A multi-tier deflake effort (#1057) removed wall-clock polling from the fast test suite. Before that work, many unit and integration tests used patterns like tokio::time::sleep(Duration::from_millis(50)) or polling loops driven by Instant::now(). These patterns caused the suite to be sensitive to scheduler jitter and system load, and were the primary source of intermittent failures on CI and slow developer machines.

The lint at scripts/lint_test_patterns.sh (run by make lint-test-patterns) enforces that new test code does not reintroduce these patterns.

Approved patterns

harn_clock::Clock injection (preferred for runtime code)

The unified harn_clock::Clock trait is the canonical way to read time and sleep in Harn runtime code. Cron, the trigger dispatcher, the stdlib now_ms / monotonic_ms / sleep_ms builtins, the OrchestratorHarness, and (via re-export) every downstream crate route through it.

use std::sync::Arc;
use std::time::Duration;
use harn_clock::Clock;

struct Worker {
    clock: Arc<dyn Clock>,
}

impl Worker {
    async fn poll_until(&self, deadline_ms: i64) {
        while self.clock.now_utc().unix_timestamp_nanos() / 1_000_000 < deadline_ms {
            self.clock.sleep(Duration::from_millis(50)).await;
        }
    }
}

Tests substitute harn_clock::PausedClock to drive virtual time deterministically — see the MockClock section below for the existing trigger test surface or use PausedClock directly:

use harn_clock::{Clock, PausedClock};

#[tokio::test]
async fn worker_resumes_after_advance() {
    let clock = PausedClock::new(time::OffsetDateTime::now_utc());
    let worker = Worker { clock: clock.clone() as Arc<dyn Clock> };
    let task = tokio::spawn(async move { worker.poll_until(/* future ms */ ...).await });
    clock.advance(Duration::from_secs(60));
    task.await.unwrap();
}

PausedClock works in both current_thread and multi_thread runtimes and does not require start_paused = true. RecordedClock wraps any inner clock and captures every observation to a ClockEventLog, which is the substrate the recording/replay child issue (#1441) builds on.
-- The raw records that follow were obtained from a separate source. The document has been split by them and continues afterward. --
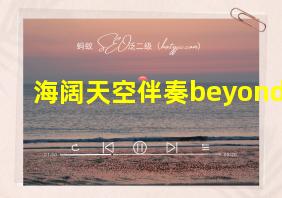 海阔天空伴奏beyond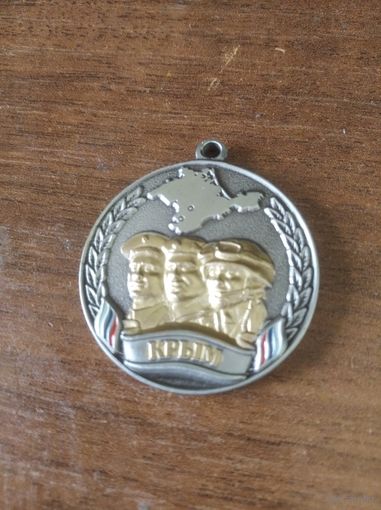 Медаль РФ Россия "Крым - Боевое братство"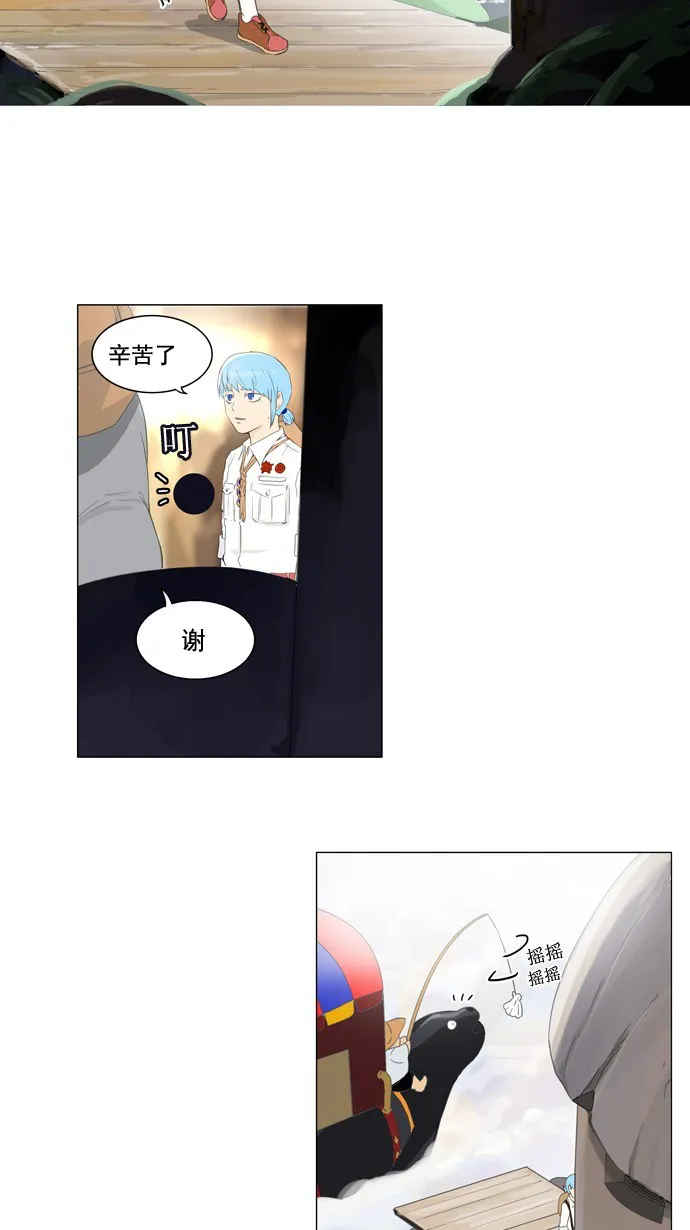 神之塔漫画解说大结局漫画,第103话43图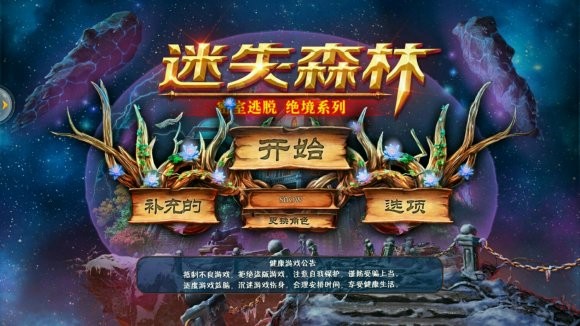 密室逃脱绝境系列4迷失森林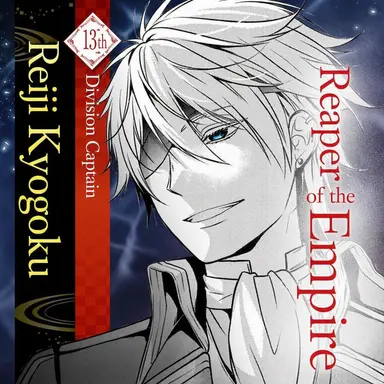 Profile image of Reiji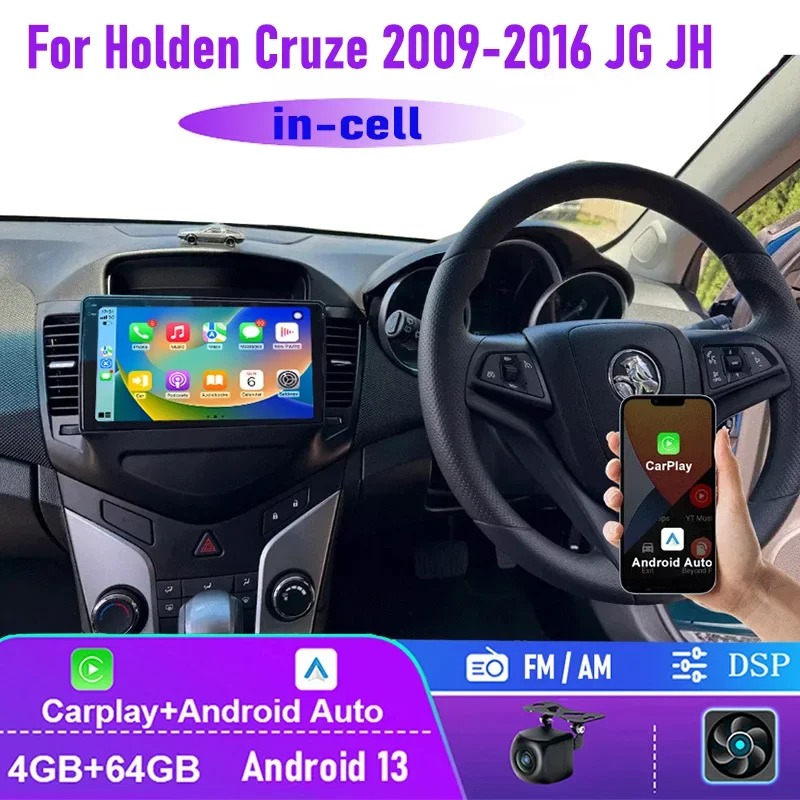 9" For Holden Cruze 2009-2016 JG JH Car Audio Head Unit Car Radio Intelligent System Multimedia Apple Carplay Android 13 AM GPS
9" For Holden Cruze 2009-2016 JG JH Car Audio Head Unit Car Radio Intelligent System Multimedia Apple Carplay Android 13 AM GPS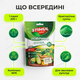 Удобрение кристаллическое Stimul NPK 200г для огурцов кабачков и патиссонов подкормка минеральная корневая - изображение 9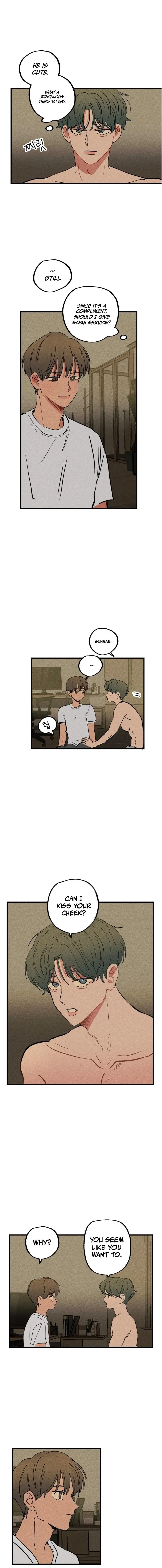 Easy Senior - Chapter 42 Page 1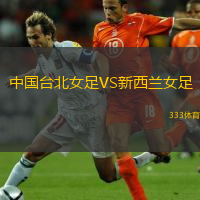  中國臺北女足VS新西蘭女足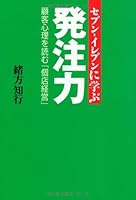 Order power to learn to Eleven - Seven - Read the psychology of the customer "individual store management" (2007) ISBN: 4876885753 [Japanese Import] 4876885753 Book Cover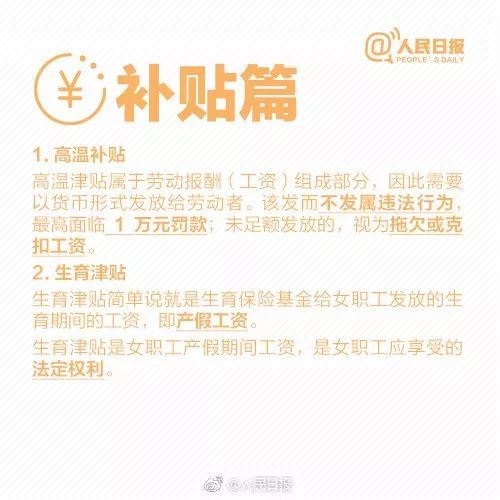 曹妃甸招聘信息_曹妃甸最近有招聘教师的吗(2)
For runtime code that needs tokio::time::sleep directly (e.g. timeout), combine PausedClock with tokio::time::pause() so both surfaces freeze together.

The lint at scripts/lint_test_patterns.sh forbids new wall-clock reads in non-test files under crates/harn-vm/src/ and crates/harn-cli/src/ outside the explicit NON_TEST_WALL_CLOCK_ALLOWLIST. The allowlist freezes existing sites as gradual cleanup; new files must accept Arc<dyn Clock> instead of calling OffsetDateTime::now_utc() / Instant::now() directly.

tokio::time::pause() and advance()

For tests that need to simulate time passing, use Tokio's paused-time runtime. A test annotated with start_paused = true starts with the clock frozen at an arbitrary epoch and advances only when you call tokio::time::advance().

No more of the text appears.